# EXERCISE:
Print, in exact form, the lines below from the one containing "2014 Jeep Grand Cherokee Limited" through the one containing "Swad Kala Chana 4lb", and omit all others.

# MATERIAL SUPPLIED:
|---|

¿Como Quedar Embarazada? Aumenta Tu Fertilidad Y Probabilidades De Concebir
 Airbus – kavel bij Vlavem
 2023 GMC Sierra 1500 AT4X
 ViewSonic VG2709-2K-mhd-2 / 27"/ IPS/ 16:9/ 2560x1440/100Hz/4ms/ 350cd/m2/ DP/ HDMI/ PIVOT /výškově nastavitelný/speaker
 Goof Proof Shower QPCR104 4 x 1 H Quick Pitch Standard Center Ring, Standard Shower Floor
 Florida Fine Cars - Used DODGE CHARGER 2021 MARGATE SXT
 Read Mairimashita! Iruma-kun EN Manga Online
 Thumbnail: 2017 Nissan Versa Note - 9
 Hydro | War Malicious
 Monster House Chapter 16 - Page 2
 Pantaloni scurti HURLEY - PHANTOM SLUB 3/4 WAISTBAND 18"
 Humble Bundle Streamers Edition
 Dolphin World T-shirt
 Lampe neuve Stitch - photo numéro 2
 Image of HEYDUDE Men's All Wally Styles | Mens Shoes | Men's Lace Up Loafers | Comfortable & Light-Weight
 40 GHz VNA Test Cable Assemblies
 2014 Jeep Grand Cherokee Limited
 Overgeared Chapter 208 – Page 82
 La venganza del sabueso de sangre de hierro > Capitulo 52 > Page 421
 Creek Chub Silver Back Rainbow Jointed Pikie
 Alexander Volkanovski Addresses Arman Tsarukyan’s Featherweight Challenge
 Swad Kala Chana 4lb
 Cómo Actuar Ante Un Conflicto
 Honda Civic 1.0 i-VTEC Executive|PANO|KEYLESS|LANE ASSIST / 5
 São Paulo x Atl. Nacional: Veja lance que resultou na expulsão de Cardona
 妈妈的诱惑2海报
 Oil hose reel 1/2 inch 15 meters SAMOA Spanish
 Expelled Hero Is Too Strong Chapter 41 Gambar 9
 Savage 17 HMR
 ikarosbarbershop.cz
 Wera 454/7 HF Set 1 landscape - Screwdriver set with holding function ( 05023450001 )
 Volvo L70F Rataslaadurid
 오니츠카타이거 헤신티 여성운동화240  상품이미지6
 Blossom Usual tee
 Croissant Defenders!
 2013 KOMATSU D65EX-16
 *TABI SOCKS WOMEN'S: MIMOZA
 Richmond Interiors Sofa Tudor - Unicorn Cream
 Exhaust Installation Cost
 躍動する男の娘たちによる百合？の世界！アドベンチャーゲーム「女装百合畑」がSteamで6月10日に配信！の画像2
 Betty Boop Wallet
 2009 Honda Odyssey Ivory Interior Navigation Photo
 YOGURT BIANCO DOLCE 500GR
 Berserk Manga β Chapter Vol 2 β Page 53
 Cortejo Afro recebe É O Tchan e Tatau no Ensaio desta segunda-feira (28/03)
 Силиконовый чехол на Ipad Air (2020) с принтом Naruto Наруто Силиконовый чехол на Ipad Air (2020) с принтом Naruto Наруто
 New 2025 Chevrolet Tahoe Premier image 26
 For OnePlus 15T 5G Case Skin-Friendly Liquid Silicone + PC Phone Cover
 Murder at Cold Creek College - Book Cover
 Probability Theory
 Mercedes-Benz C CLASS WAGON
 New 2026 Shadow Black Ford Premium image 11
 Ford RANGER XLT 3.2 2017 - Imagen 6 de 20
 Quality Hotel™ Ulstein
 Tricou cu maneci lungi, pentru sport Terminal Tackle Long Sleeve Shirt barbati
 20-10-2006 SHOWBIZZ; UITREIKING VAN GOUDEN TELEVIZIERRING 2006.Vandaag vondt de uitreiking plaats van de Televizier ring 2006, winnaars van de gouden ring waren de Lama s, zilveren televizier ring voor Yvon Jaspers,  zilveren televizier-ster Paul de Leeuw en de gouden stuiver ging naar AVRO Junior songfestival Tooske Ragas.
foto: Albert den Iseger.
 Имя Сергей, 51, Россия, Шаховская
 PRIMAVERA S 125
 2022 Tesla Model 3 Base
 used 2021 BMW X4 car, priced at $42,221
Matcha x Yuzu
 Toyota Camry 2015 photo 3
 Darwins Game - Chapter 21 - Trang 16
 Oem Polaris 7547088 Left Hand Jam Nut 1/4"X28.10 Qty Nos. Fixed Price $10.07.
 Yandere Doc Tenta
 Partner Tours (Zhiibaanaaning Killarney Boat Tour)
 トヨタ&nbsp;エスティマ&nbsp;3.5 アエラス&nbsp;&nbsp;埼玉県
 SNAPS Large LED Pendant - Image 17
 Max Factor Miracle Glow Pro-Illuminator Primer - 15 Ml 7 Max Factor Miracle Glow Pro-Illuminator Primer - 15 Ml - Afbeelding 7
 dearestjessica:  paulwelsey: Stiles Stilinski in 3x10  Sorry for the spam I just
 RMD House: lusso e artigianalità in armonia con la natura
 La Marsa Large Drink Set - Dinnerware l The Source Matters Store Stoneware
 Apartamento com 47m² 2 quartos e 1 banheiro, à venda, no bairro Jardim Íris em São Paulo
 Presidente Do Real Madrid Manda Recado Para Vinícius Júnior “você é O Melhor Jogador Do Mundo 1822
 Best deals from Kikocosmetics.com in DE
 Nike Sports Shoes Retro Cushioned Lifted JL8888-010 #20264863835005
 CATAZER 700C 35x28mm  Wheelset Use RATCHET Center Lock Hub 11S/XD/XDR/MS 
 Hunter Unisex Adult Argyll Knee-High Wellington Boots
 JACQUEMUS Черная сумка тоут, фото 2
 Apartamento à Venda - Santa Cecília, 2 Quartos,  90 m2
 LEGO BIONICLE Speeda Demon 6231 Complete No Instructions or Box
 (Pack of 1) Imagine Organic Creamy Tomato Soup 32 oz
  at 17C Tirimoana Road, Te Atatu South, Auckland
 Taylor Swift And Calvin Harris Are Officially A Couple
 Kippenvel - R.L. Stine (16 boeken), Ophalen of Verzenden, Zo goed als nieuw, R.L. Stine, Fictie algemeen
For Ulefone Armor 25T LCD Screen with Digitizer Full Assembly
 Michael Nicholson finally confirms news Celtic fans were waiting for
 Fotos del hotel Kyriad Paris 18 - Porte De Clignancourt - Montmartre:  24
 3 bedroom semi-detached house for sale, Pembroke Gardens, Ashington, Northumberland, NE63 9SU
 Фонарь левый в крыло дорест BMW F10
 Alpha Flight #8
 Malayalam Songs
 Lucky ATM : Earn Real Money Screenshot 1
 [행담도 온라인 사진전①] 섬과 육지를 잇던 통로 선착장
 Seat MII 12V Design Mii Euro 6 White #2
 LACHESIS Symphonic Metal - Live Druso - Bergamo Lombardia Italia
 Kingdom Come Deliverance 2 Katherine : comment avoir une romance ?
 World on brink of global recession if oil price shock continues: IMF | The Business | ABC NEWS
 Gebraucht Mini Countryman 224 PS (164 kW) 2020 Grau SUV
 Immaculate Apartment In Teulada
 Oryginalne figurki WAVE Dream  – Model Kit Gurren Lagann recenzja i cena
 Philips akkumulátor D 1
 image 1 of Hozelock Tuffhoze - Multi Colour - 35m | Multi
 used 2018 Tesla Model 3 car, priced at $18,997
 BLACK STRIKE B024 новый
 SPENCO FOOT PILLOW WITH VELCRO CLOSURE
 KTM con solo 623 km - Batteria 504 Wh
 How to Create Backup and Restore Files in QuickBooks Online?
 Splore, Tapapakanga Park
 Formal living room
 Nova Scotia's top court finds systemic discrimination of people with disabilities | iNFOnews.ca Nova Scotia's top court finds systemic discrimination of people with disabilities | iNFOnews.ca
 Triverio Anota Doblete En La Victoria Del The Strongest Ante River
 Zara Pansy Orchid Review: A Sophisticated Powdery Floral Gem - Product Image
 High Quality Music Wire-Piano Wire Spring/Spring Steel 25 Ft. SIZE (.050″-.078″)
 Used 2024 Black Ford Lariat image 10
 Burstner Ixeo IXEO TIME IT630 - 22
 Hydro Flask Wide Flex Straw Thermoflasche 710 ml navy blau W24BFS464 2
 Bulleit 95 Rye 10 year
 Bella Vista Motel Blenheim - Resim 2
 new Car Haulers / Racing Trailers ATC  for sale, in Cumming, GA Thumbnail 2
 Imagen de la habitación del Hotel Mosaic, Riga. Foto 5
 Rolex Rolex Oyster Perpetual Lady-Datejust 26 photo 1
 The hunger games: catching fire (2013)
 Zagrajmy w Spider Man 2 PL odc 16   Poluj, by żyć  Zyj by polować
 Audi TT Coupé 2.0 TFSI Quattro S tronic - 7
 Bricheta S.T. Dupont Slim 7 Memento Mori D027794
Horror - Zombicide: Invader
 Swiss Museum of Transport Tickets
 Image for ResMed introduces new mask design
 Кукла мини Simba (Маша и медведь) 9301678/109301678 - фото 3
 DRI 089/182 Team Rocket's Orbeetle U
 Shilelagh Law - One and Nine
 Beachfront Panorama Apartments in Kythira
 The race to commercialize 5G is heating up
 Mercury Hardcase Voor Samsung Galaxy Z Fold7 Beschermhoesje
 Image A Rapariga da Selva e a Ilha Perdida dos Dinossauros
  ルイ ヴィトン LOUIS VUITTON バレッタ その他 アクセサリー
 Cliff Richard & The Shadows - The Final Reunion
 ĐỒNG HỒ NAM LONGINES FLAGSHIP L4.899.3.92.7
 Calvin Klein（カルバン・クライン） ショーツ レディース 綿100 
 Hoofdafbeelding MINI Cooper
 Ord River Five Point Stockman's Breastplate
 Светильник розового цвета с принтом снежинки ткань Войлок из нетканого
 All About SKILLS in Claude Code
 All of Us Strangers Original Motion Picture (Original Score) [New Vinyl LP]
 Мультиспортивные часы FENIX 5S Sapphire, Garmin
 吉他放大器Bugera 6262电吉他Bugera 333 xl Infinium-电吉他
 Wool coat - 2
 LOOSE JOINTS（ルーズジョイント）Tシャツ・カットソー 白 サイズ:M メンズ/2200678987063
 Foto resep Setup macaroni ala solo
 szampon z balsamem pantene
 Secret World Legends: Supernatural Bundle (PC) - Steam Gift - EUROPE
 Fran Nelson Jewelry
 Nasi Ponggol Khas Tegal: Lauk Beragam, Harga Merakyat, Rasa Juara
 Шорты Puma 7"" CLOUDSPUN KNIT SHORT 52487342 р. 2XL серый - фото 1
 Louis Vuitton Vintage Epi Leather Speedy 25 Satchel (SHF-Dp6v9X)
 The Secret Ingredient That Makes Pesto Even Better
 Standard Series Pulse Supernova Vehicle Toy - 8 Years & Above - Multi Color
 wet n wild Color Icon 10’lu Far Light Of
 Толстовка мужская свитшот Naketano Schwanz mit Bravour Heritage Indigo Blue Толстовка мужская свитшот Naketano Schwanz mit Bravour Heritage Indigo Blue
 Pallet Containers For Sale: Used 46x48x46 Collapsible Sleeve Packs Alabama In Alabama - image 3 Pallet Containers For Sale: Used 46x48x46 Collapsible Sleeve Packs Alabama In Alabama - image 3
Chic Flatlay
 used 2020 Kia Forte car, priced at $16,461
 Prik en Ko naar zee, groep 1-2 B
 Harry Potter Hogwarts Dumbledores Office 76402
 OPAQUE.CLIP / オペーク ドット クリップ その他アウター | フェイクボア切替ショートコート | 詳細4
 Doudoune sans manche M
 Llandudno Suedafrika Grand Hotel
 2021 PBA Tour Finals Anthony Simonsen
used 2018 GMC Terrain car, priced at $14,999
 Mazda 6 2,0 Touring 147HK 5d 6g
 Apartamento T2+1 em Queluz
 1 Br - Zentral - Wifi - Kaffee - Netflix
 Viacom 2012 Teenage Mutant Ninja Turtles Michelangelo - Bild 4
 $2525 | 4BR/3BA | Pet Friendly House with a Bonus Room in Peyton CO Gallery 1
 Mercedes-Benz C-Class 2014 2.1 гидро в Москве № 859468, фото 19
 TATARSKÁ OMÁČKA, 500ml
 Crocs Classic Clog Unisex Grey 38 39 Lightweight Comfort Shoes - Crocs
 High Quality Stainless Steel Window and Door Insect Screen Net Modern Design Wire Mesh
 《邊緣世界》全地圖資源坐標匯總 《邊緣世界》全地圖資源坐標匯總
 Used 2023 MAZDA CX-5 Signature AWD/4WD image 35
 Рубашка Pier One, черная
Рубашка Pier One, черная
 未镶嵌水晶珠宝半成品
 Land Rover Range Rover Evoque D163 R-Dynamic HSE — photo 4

|---|

# ANSWER:
 2014 Jeep Grand Cherokee Limited
 Overgeared Chapter 208 – Page 82
 La venganza del sabueso de sangre de hierro > Capitulo 52 > Page 421
 Creek Chub Silver Back Rainbow Jointed Pikie
 Alexander Volkanovski Addresses Arman Tsarukyan’s Featherweight Challenge
 Swad Kala Chana 4lb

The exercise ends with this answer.